July 27, 2024

Beranda Islam

Terpercaya – Tajam – Mencerdaskan Umat

Derita Pekerja Migran Indonesia

Oleh: Khairani (Aktivis Muslimah Pontianak)

Memiliki penghidupan yang layak merupakan dambaan semua orang. Namun saat ini, kehidupan yang sejahtera menjadi sesuatu yang sangat langka. Faktanya, tidak sedikit yang merasa sulit meraih kesejahteraan di dalam negeri, sehingga memutuskan merantau ke negeri orang demi mendapatkan kehidupan yang lebih sejahtera untuk keluarga tercinta.

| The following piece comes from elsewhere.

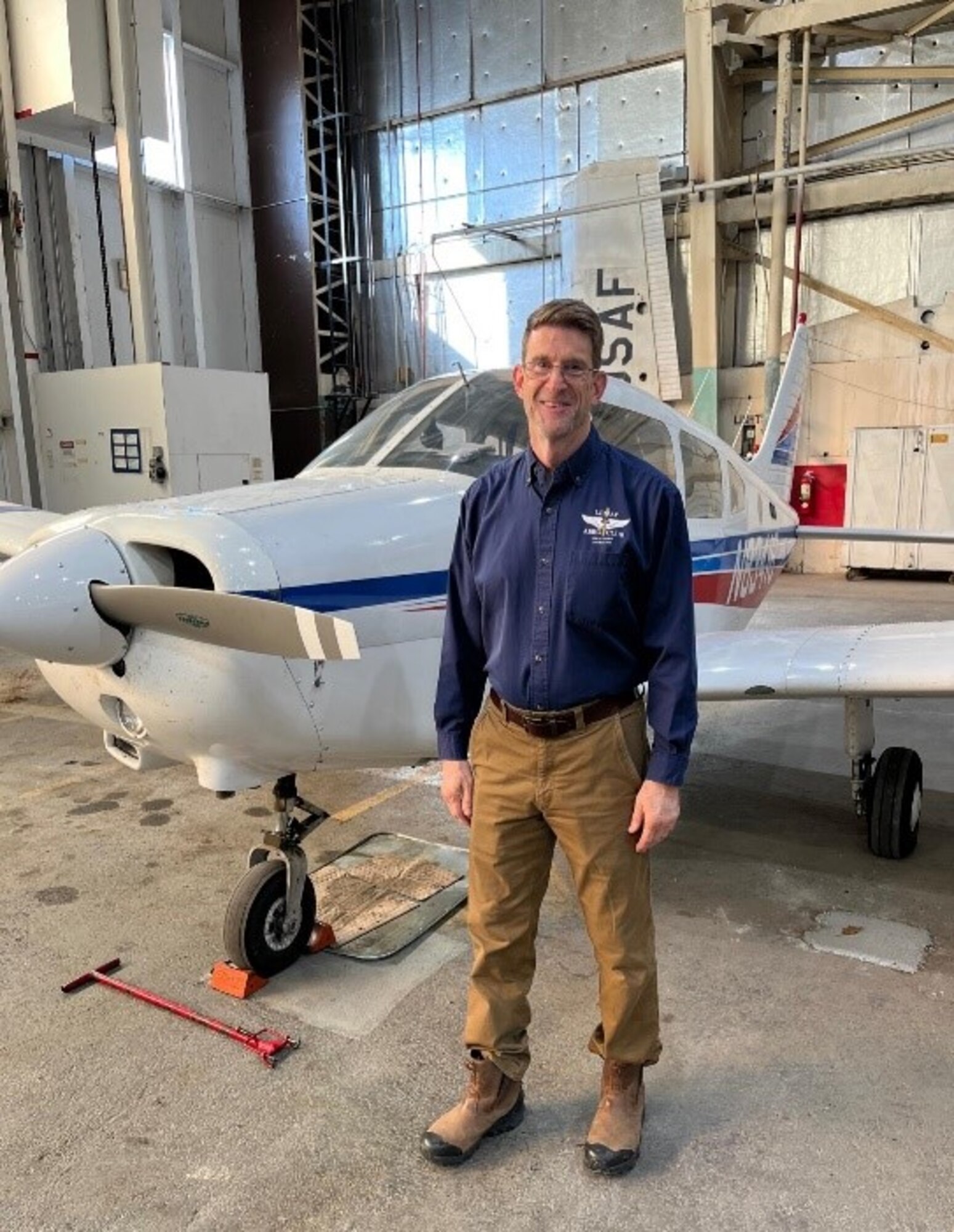 man standing in front of plane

Kemiskinan akut dan lapangan pekerjaan yang sempit menjadikan pekerja migran kian hari kian banyak. Akan tetapi, bukannya berhasil memperbaiki ekonomi keluarga, nasib buruk justru mereka dapatkan. Siksaan tak manusia kerap kali menghantam mereka, seolah terpenjara di dalam neraka dunia.

Bukan Dongeng

Pekerja migran yang disiksa oleh majikannya adalah kisah nyata, bukan cerita dongeng. Seperti kisah seorang pekerja migran Indonesia (PMI) asal NTT yang bekerja di Malaysia sebagai pembantu rumah tangga (PRT), Meriance Kabu.

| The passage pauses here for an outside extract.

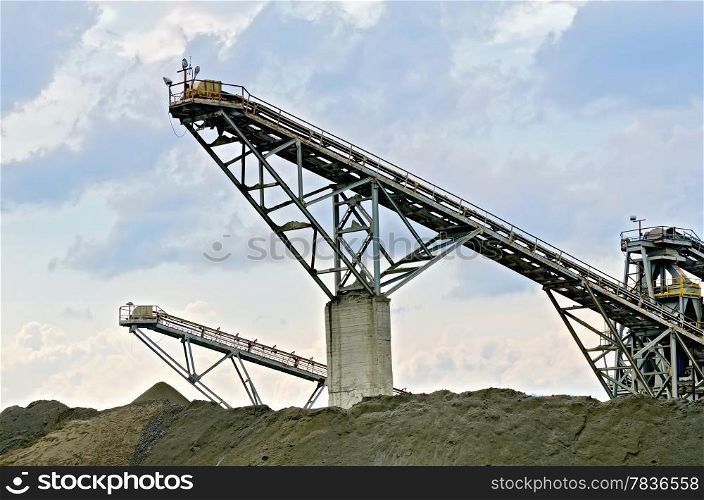 Equipment for the production of crushed stone on a background of blue sky and clouds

Wajah Meriance menghitam karena hampir setiap hari dipukul majikannya. Tubuhnya pernah ditempelkan setrika panas, alat vitalnya dijepit tang hingga memar, lebam, dan terluka, lidah dan telinganya sobek, tulang hidungnya pun patah. Sungguh malang, Meriance yang awalnya tinggal di sebuah Desa tanpa aliran listrik memutuskan menerima tawaran bekerja di Malaysia untuk membantu ekonomi keluarga.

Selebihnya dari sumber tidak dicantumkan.